A few months ago my home firewall, (pfsense) died, was built in an old Dell Optiplex 755 that I picked up second hand for about 300,000TZS (150USD), it had served me perfectly for over 2 years so was not too upset when it died. I threw in a Zyxel UG20 firewall device that I have had hanging around, and I have not been happy, but more on that in another blog post. So today I decided to go through some of the junk I have around to see if I could not build another pfsense firewall, anyone who knows me knows I have lots of junk. I settled on an old HP chassis I have, major overkill as its 8GB and even found a SSD in it. This used to be my primary workstation, (after our office was broken into about 10 years ago and my very very very special machine was stolem 🙁 ), it then became my home server, and then about 2 years ago was retired, (figured I at the time I would repurpose it, but did not think it would take this long).

So yes its major overkill for a home firewall, but I will put a whole bunch of other networking tools on it….

13:09

So firewall is installed and in place, now for some quick iperf tests but figure it might be worth documenting, (as I always have to do a refresher, on what to expect)…

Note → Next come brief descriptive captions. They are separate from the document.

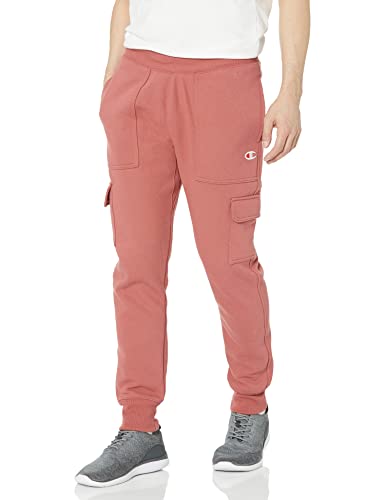Pantalon de jogging cargo Champion Reverse Weave bois de santal homme 27-32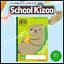 ڥͥݥǽۥԥ School Kizoo(륭å) ̾ꥹ饤  5mm(10mm)㥻B5 SLS10SC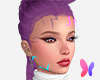 Rumi demon skin face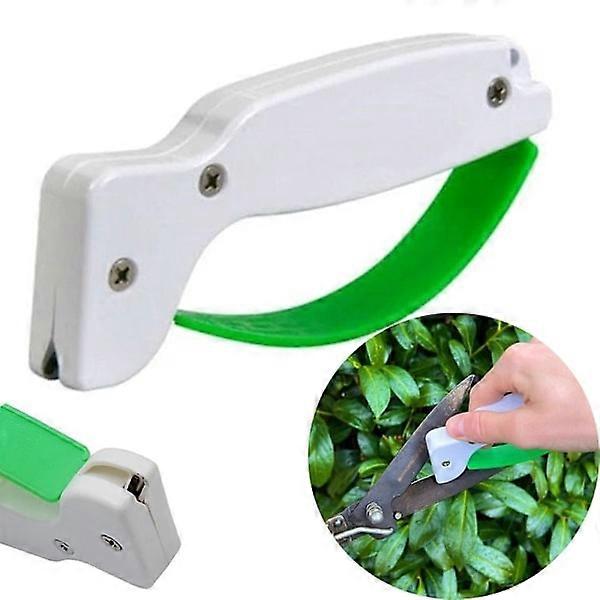 Garden Tool Sharpener, Gardening Tools, Home Improvement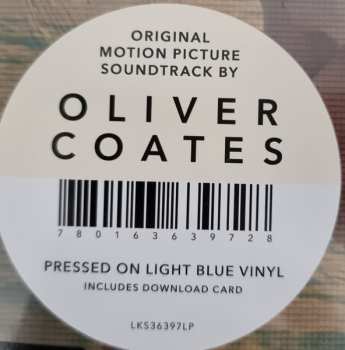 LP Oliver Coates: Aftersun (Original Motion Picture Soundtrack) CLR 634184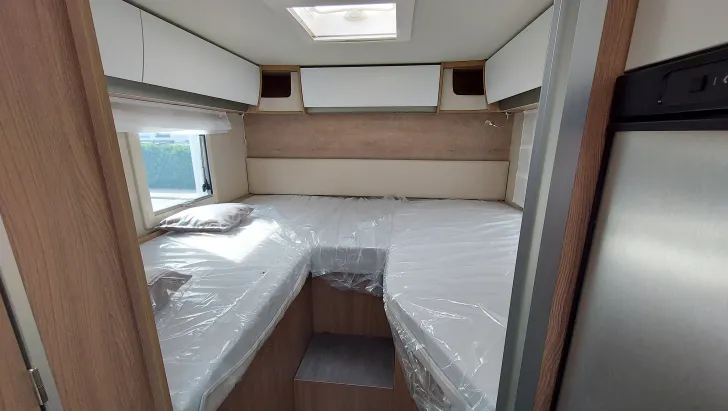 Fahrzeugbild Laika Ecovip L 3019 Automatik*Markise*Hubbett #10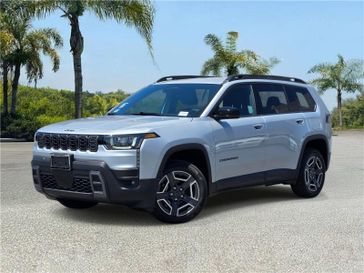 New 2026 Jeep Cherokee Limited 4x4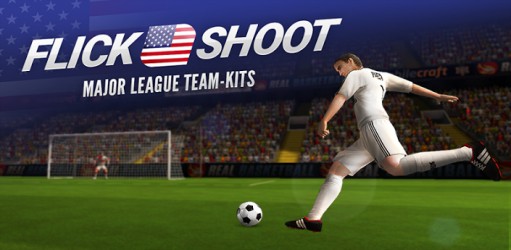 Download Flick Shoot US: Multiplayer v1 MOD APK [Money]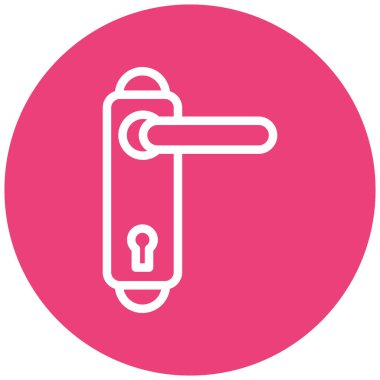 vektör kilidi resimleme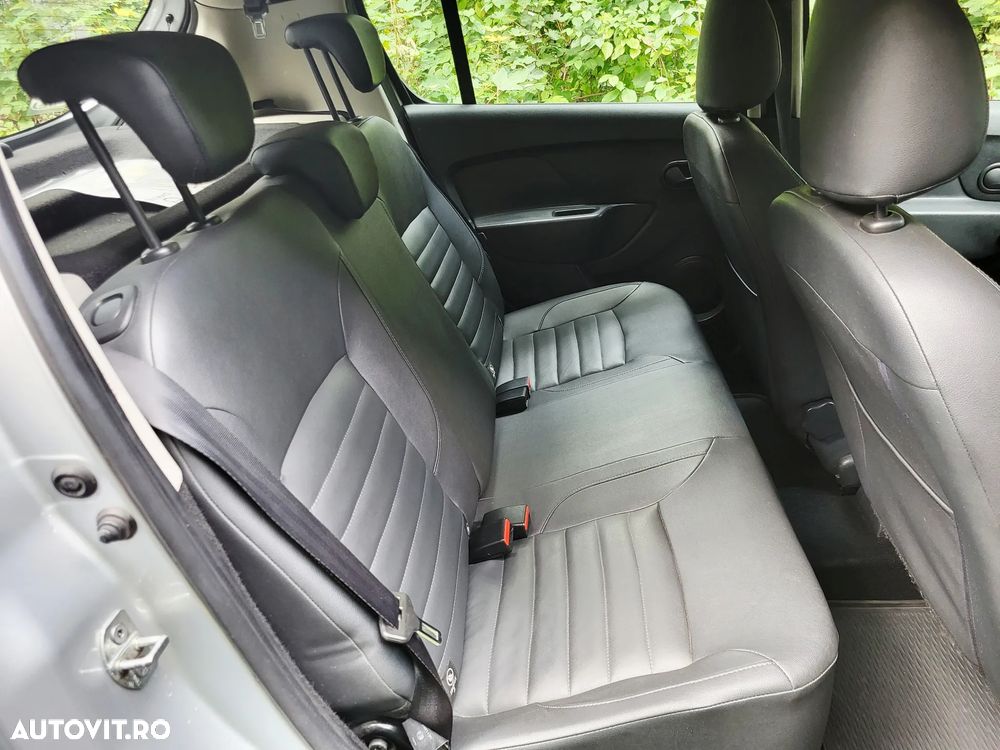 Dacia Sandero Stepway dCi 90 Prestige - 13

Network Core Which is.. And means in theory the fastest you can transfer data is…
 10Mbps  10 megabits per second  1.25 MB/s
 100Mbps  100 megabits per second  12.5 MB/s
 1000Mbps (1Gbps)  1000 megabits per second  125 MB/s

The iperf test was run between the new pfsense server and one of the pfesense boxes that is only 5 hops away:

------------------------------------------------------------
Client connecting to X.X.X.X, TCP port 5131
TCP window size: 65.0 KByte (default)
------------------------------------------------------------
[  3] local Y.Y.Y.Y port 7131 connected with X.X.X.X port 5131
 ID] Interval       Transfer     Bandwidth
[  3]  0.0- 5.0 sec  6.00 MBytes  10.1 Mbits/sec
[  3]  5.0-10.0 sec  6.00 MBytes  10.1 Mbits/sec
[  3]  0.0-10.0 sec  12.0 MBytes  10.0 Mbits/sec

A second test using www.speedtest.com, also show a max transfer of 8mb/s up and 10.1 down, so its safe to assume we are being capped at 10mb/s. Now though I would like to find out if that is a ISP cap, or there is a 10Mb physical link somewhere…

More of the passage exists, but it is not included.